From the data below, repeat exactly the lines from the line with "Bear One Tan" to the line with "6FT HIGH SPEED", both included.

▶ [Scraped caption text data]:
━━━━━━━━

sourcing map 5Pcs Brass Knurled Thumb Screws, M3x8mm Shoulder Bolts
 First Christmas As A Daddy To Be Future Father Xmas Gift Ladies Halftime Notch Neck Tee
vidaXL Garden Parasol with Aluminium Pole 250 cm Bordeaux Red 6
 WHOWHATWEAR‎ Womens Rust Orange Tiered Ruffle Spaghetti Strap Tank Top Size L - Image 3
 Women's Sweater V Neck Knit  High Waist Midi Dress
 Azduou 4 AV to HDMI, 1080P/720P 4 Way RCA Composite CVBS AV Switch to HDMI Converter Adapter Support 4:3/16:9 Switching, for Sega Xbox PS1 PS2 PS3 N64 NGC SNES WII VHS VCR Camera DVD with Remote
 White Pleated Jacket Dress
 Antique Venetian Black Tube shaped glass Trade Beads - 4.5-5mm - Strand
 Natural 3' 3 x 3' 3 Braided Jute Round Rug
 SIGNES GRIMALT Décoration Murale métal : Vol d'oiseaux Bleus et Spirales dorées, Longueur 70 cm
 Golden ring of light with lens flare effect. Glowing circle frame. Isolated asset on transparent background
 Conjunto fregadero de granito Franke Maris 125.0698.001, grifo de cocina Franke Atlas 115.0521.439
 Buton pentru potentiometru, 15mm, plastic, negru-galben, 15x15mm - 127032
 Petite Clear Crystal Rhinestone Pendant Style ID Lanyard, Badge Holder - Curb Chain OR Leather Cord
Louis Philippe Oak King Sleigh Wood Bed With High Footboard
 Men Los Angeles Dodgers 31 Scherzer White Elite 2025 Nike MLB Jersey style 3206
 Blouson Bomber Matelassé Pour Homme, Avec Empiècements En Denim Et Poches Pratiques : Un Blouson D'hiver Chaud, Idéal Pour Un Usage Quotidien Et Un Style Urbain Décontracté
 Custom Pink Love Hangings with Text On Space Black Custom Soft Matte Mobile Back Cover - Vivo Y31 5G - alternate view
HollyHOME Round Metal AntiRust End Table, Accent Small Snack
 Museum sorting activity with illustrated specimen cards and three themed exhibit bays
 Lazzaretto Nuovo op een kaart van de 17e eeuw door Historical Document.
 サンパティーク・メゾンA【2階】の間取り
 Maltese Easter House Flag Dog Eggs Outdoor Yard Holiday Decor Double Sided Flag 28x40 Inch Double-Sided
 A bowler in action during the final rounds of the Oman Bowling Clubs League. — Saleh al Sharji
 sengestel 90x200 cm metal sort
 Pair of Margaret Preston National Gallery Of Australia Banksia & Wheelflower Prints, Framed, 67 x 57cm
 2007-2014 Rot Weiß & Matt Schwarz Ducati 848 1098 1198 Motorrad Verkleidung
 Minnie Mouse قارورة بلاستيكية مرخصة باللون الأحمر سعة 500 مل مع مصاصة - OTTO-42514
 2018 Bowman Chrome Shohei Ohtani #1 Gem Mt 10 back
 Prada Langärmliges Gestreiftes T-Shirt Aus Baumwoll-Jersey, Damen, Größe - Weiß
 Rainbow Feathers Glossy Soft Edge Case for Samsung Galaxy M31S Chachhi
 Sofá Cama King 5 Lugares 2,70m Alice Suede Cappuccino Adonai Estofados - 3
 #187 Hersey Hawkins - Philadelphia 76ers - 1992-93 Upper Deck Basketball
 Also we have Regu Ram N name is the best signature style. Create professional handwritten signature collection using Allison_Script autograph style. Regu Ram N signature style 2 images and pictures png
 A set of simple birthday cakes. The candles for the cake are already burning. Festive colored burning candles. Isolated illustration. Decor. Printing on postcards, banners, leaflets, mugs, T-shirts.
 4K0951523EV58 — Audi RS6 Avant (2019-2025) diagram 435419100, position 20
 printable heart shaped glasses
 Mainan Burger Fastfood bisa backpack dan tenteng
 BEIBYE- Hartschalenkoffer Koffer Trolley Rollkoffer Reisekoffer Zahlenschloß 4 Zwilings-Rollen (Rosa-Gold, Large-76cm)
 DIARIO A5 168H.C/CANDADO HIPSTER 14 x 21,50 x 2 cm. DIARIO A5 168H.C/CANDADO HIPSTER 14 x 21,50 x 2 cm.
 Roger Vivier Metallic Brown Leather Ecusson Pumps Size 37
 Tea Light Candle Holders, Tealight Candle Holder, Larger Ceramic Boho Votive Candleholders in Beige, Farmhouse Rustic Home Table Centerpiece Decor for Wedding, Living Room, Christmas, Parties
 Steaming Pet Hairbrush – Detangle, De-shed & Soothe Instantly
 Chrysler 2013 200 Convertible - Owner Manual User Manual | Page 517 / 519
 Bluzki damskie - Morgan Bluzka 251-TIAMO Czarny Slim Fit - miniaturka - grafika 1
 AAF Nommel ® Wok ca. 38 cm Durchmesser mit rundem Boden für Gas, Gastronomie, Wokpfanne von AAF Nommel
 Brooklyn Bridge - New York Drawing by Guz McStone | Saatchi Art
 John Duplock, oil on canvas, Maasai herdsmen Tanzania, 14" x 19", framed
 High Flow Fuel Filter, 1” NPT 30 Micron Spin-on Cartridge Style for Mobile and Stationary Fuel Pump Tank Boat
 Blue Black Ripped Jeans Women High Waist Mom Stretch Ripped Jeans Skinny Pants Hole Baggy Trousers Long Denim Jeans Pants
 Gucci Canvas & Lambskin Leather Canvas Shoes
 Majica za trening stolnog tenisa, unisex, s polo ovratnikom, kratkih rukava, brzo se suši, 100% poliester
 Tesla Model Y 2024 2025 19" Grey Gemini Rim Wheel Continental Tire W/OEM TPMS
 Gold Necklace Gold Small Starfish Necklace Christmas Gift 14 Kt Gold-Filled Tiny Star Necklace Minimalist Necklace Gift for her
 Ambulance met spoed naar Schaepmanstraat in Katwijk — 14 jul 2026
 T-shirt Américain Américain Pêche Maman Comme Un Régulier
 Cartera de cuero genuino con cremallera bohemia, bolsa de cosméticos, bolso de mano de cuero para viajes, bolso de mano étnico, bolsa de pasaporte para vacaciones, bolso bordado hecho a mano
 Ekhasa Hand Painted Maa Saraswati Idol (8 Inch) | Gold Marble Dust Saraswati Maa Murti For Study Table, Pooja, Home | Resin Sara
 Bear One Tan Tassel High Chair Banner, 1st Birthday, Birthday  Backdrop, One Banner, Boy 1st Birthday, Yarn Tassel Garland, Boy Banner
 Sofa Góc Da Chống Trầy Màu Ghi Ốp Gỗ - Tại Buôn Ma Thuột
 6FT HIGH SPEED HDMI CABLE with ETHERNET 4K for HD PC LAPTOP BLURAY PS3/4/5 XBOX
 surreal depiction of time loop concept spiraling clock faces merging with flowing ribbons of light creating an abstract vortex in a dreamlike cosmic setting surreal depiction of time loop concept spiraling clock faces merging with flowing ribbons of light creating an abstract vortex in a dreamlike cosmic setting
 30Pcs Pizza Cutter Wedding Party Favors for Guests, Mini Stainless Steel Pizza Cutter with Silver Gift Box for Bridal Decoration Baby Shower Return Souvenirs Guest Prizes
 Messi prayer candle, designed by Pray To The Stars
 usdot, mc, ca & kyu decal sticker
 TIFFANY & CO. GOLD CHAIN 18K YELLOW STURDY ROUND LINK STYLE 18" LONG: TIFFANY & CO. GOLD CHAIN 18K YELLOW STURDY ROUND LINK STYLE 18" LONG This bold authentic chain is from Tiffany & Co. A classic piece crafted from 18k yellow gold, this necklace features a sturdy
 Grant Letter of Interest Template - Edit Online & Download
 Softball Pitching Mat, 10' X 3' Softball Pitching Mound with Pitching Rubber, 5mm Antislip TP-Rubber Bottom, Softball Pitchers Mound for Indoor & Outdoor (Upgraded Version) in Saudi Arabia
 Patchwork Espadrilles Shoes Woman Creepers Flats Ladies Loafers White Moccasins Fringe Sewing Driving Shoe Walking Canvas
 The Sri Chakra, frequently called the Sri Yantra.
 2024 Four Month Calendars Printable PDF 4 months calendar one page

━━━━━━━━

▶ [SOLUTION BELOW]:
 Bear One Tan Tassel High Chair Banner, 1st Birthday, Birthday  Backdrop, One Banner, Boy 1st Birthday, Yarn Tassel Garland, Boy Banner
 Sofa Góc Da Chống Trầy Màu Ghi Ốp Gỗ - Tại Buôn Ma Thuột
 6FT HIGH SPEED HDMI CABLE with ETHERNET 4K for HD PC LAPTOP BLURAY PS3/4/5 XBOX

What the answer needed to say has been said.